From the line with "Huge Farmhouse Estate" through the line with "1st image of 156 Pinnacle Ln", repeat the entries verbatim, both end lines included, and add nothing.
───── STORED DATA ─────
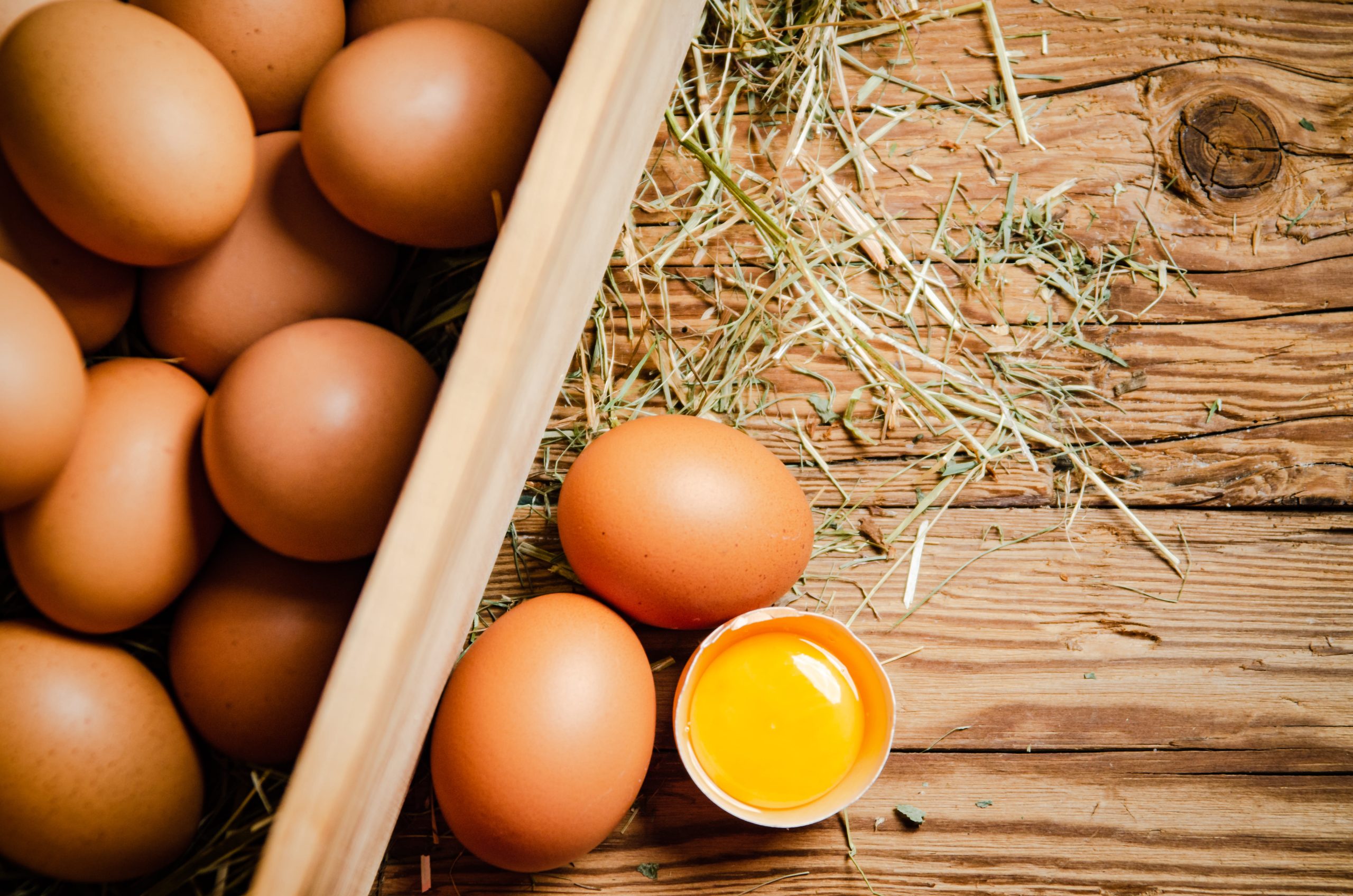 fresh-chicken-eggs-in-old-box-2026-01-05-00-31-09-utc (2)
─────
───── STORED DATA ─────
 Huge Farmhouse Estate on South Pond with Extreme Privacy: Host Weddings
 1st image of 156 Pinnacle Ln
─────
- [TASK SOLUTION]
 Huge Farmhouse Estate on South Pond with Extreme Privacy: Host Weddings
 1st image of 156 Pinnacle Ln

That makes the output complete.